Some Like It Hot

お熱いのがお好きな映画ファンtakのつぶやき。
キネマ旬報社主催映画検定2級合格。

サムライ

2024-09-10 | 映画(さ行)


◼️「サムライ/Le Samourai」(1964年・フランス)

監督=ジャン・ピエール・メルヴィル
主演=アラン・ドロン フランソワ・ペリエ ナタリー・ドロン カティ・ロジェ

アラン・ドロンの訃報で、いつか観ようと録画していた「サムライ」に手を出した。まだ若造だった頃に一度挑んでいるはずだが、冒頭の台詞なしの10分間に飽きたのか、ついて行くのに疲れたのか、親が観ていたのを断片的に観ていたのか、ともかくきちんと最後まで観るのは今回が初めて。

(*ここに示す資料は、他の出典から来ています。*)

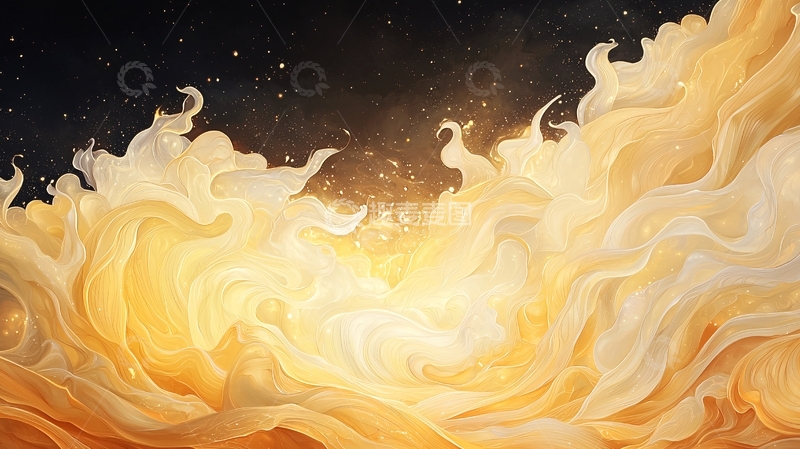 高清大图下载【趣麦麦图】金色波浪与星空背景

あれ、もしかしてジャン・ピエール・メルヴィル監督作を観るのも初めてかも?

その冒頭10分間で心を掴まれた。殺風景な部屋には鳥カゴがひとつ。ベッドでタバコを吸う男が一人。彼はダブルのトレンチコートに中折れ帽を身につける。ジャケット写にある鏡の前で帽子のつばを整える。それらは武道家の型がある所作と同じように、裏社会の仕事に向かう前の儀式に見える。

かっけー😆

かつて「カサブランカ」でボギーのコート姿にイカれた過去がある僕。なんで「サムライ」を今まで観てなかったんだろ。グレーのスーツに細いタイをきちんと着こなし、映画後半は落ち着いた色調のチェスターコート。身なりをちゃんとする大人のカッコ良さ。近頃はなんちゃらビズのせいで、スーツをきちんと着る機会は少なくなったけど、こんなん観たら真似したくなる💦

一匹狼の殺し屋ジェフは、心を許せる相手がいない。「武士道」の一節とされる言葉のように言いようのない孤独だ。

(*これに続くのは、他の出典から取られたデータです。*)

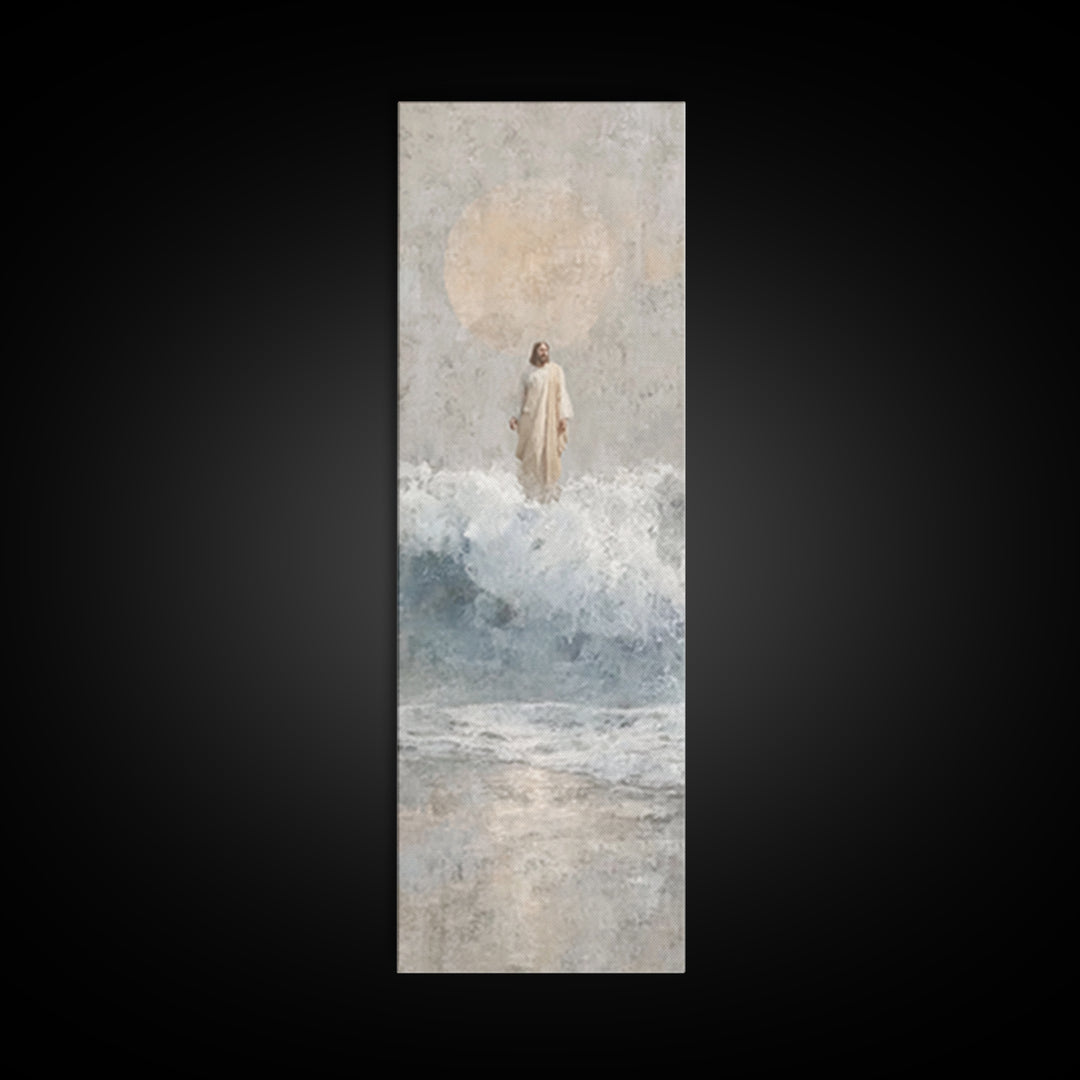 Serene Sea Path, Framed Canvas Print, Narrow Art, Jesus Painting, Christian Wall Art, Christian Art Canvas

クラブの経営者殺害後の取調べシーンから先、ずっと緊張が途切れない。殺害現場で鉢合わせしたジャズピアノ弾きの女性が「彼ではない」と嘘をついたことで難を逃れたジェフ。その理由が知りたかったジェフは再びクラブに向かう。警察はジェフを犯人と断定し、執拗な捜査網で追い詰めようとする。しかしパリの地下鉄を知り尽くしたジェフはその追手から逃れ続ける。この追いつ追われつだけでも面白いのに、ジェフが殺人を依頼したボスに迫ろうとする二重のサスペンス。よくできたサスペンス映画は、ただの追いかけっこでは終わらない。